So many companies are trying their hand at game streaming. Will the market be able to support so many different companies? The answer is probably not. At least not in a way that’s sustainable over the long-term. And for a fledgling service, that could very easily mean premature death.
With Stadia just a few days old and most services yet to launch, game streaming is already swiftly heading in that direction. And it’s barely even fully-formed as a market in the first place.
It’s only been a few years since video game streaming was really even possible, yet we’ve already got four different services either on their way or available now. Considering how clunky two of those services have already proved to be, the inferiority of game streaming as a product is evident.
It’s not that game streaming will never work. It’s a great idea for bringing gaming straight into the modern era. The issue is that the technology and internet infrastructure just aren’t up to the task (yet).
Anyone who’s played PSNow will also be able to attest that PlayStation’s service has its own set of problems. The games are certainly playable, but there are frequent framerate drops and lag spikes. Any sort of game which requires extremely quick reaction times is a no-go.

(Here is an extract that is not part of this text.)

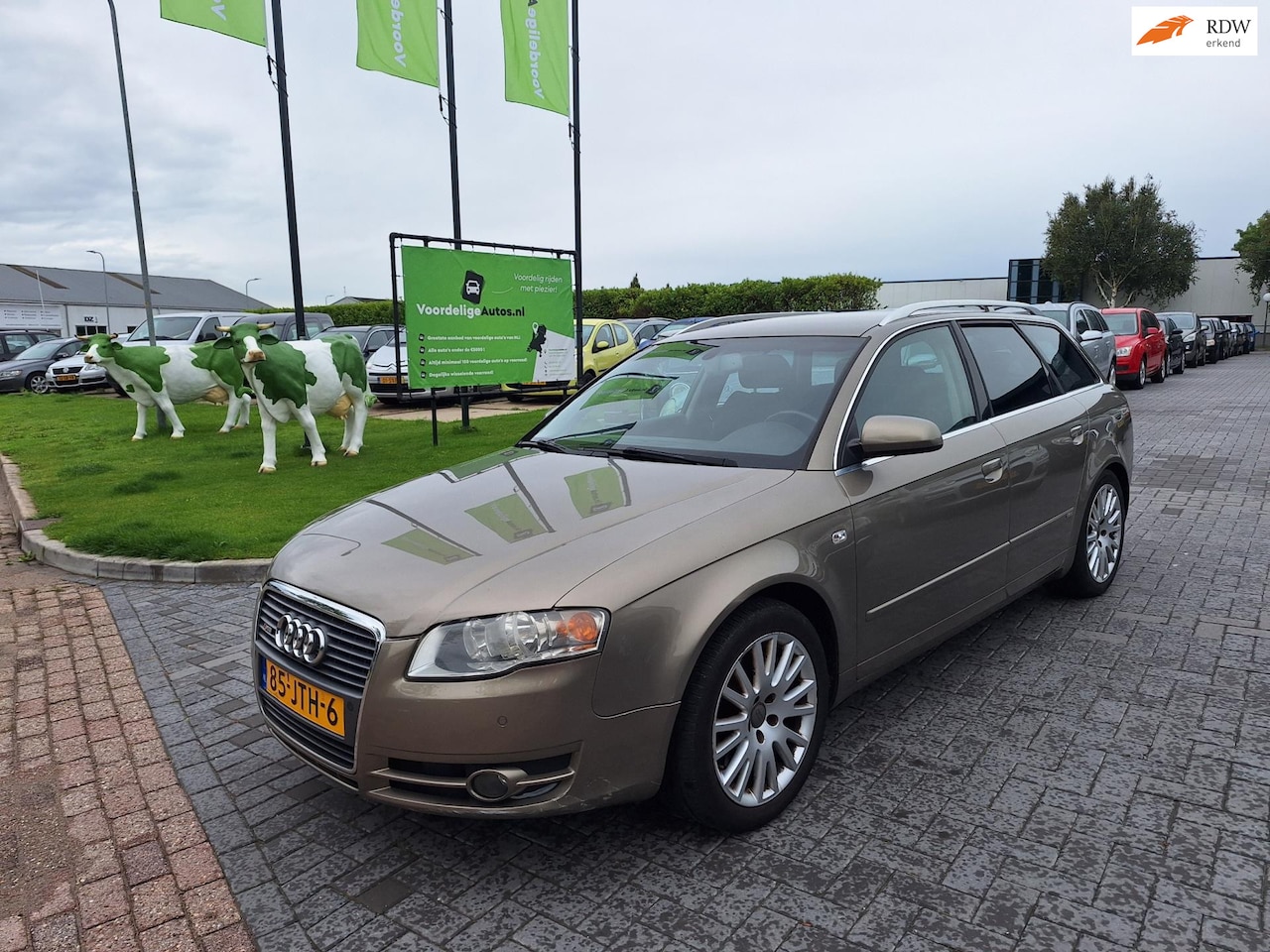 Audi A4 Avant - 2.0 TFSI Pro Line / AUTOMAAT / APK t/m september 2026 - AutoWereld.nl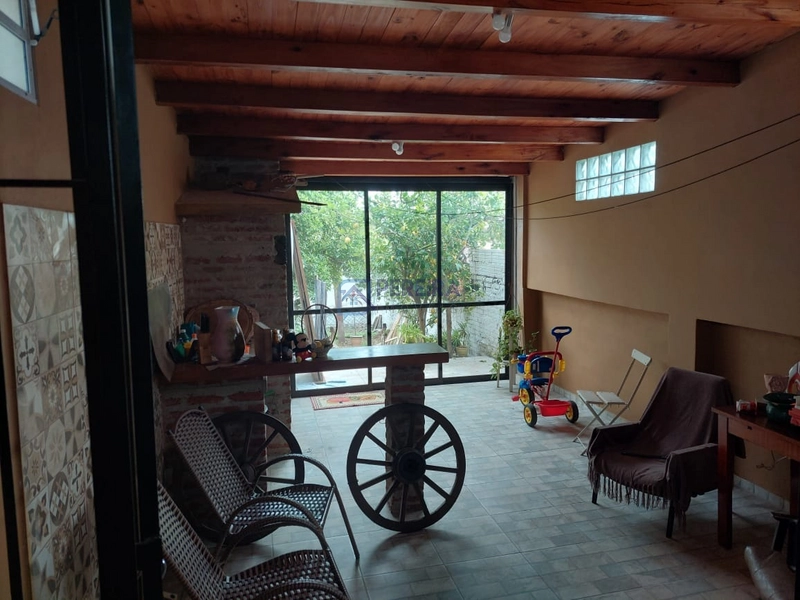 Casa com 03 dormitórios: 7ª foto da galeria de imagens do imóvel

There is always the chance that Xbox Project xCloud and whatever Amazon’s thing ends up being called will come along and fix game streaming. It’s a slim chance in this day and age, but it’s a chance. If that happens, we might see Stadia and PSNow die off completely.
Realistically, if we want companies to be brave enough to keep trying game streaming, one of these services needs to start functioning properly. Even if that kills off all the others, it at least keeps the market open.